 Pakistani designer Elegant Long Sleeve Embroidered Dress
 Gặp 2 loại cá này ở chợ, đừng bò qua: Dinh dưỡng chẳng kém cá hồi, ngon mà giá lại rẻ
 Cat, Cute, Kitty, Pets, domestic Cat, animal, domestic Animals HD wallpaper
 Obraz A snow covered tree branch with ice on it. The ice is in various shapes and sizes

* * *

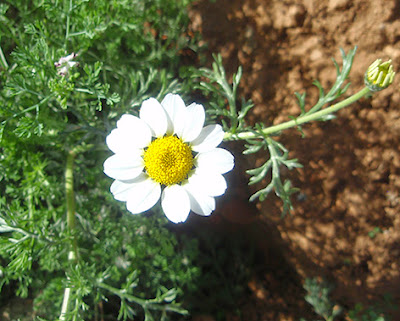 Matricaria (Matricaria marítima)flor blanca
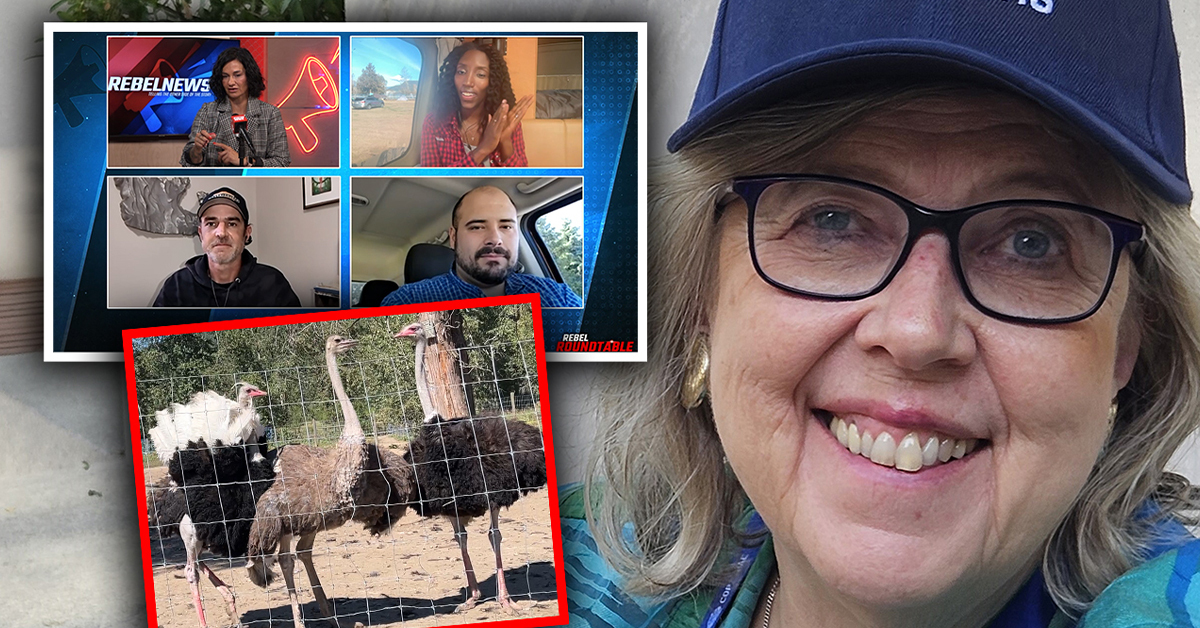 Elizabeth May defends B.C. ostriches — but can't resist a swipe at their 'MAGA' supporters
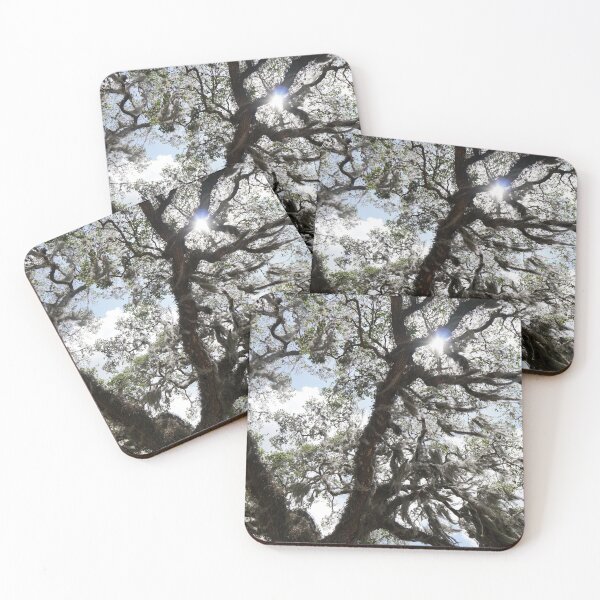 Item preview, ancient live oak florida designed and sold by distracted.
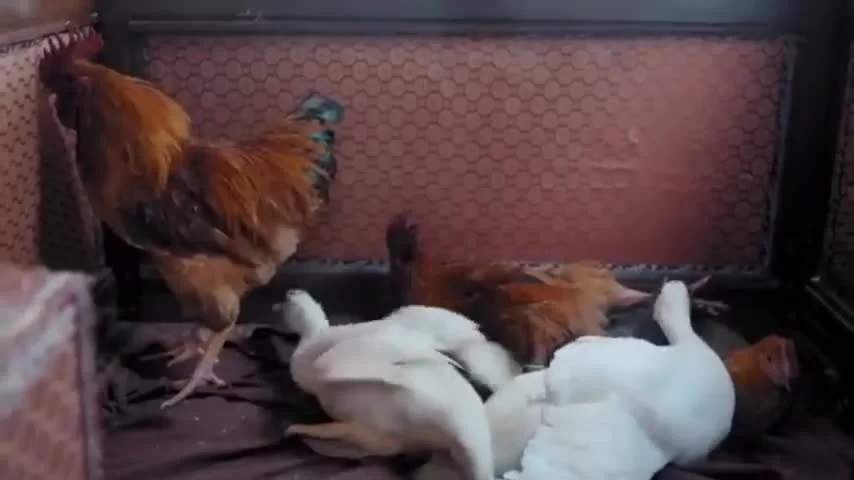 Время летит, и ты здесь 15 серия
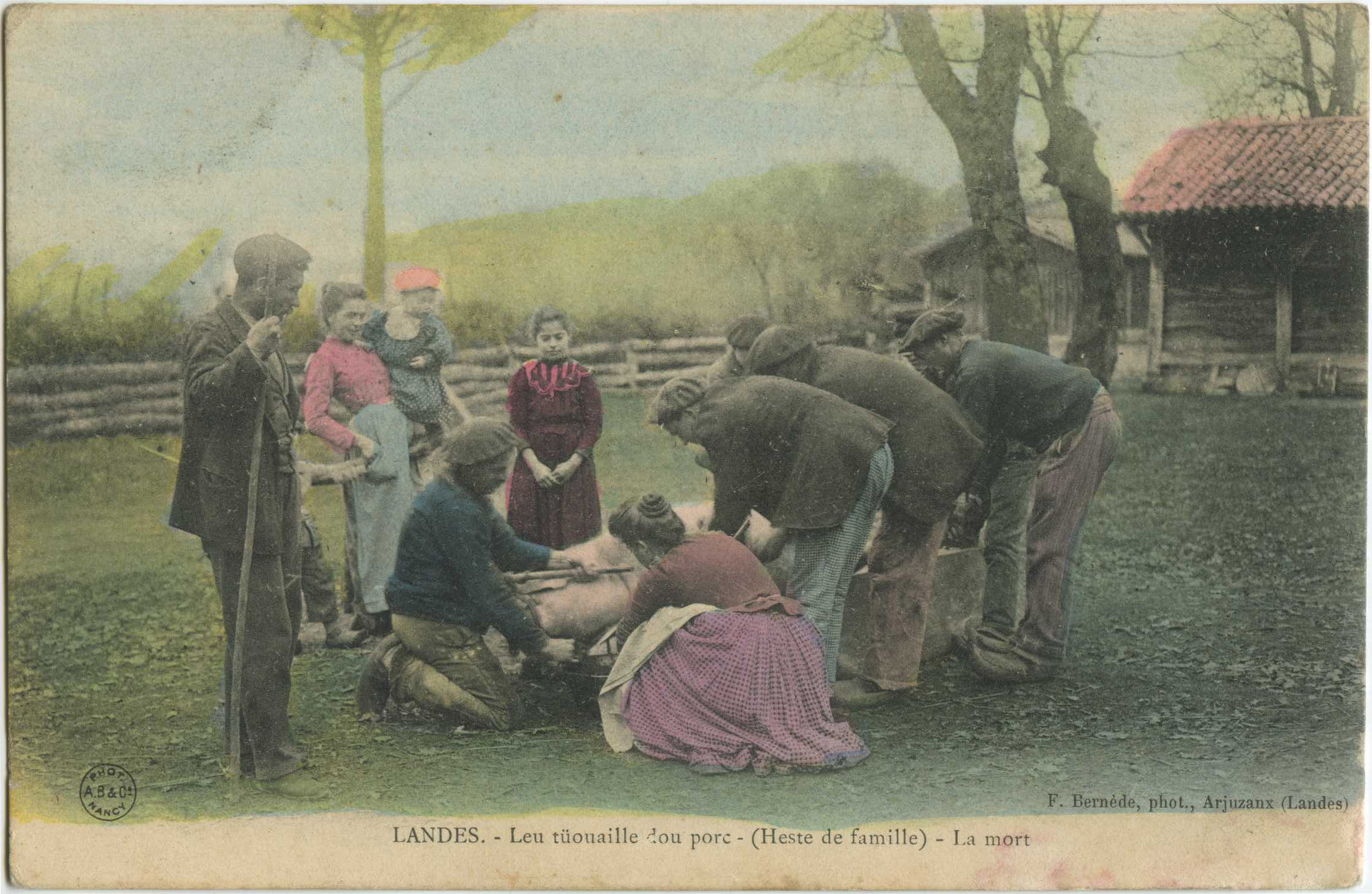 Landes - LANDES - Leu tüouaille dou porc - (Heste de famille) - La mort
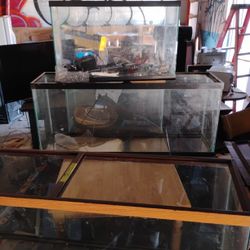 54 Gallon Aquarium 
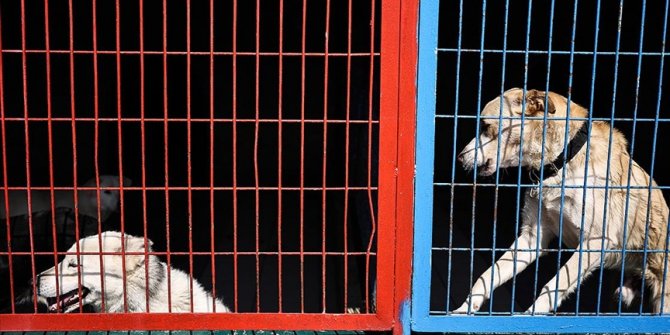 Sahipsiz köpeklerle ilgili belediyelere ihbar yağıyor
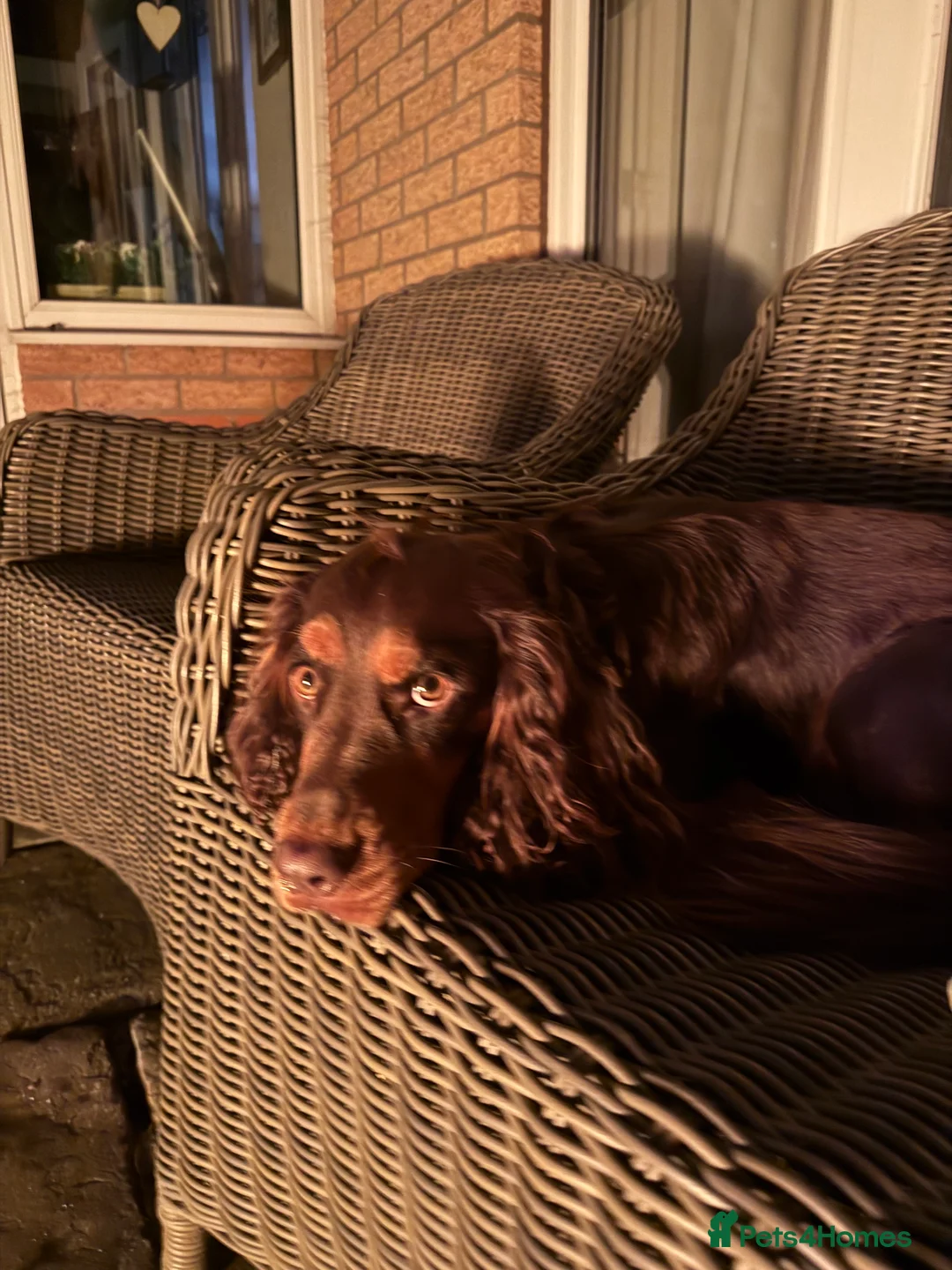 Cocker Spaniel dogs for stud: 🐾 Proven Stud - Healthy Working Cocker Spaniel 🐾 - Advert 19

■ **The task**: Take the records above and return, word for word, only the lines that fall from the line with "Pakistani designer Elegant" to the line with "Obraz A snow", both of them included.

■ **Reply**:
 Pakistani designer Elegant Long Sleeve Embroidered Dress
 Gặp 2 loại cá này ở chợ, đừng bò qua: Dinh dưỡng chẳng kém cá hồi, ngon mà giá lại rẻ
 Cat, Cute, Kitty, Pets, domestic Cat, animal, domestic Animals HD wallpaper
 Obraz A snow covered tree branch with ice on it. The ice is in various shapes and sizes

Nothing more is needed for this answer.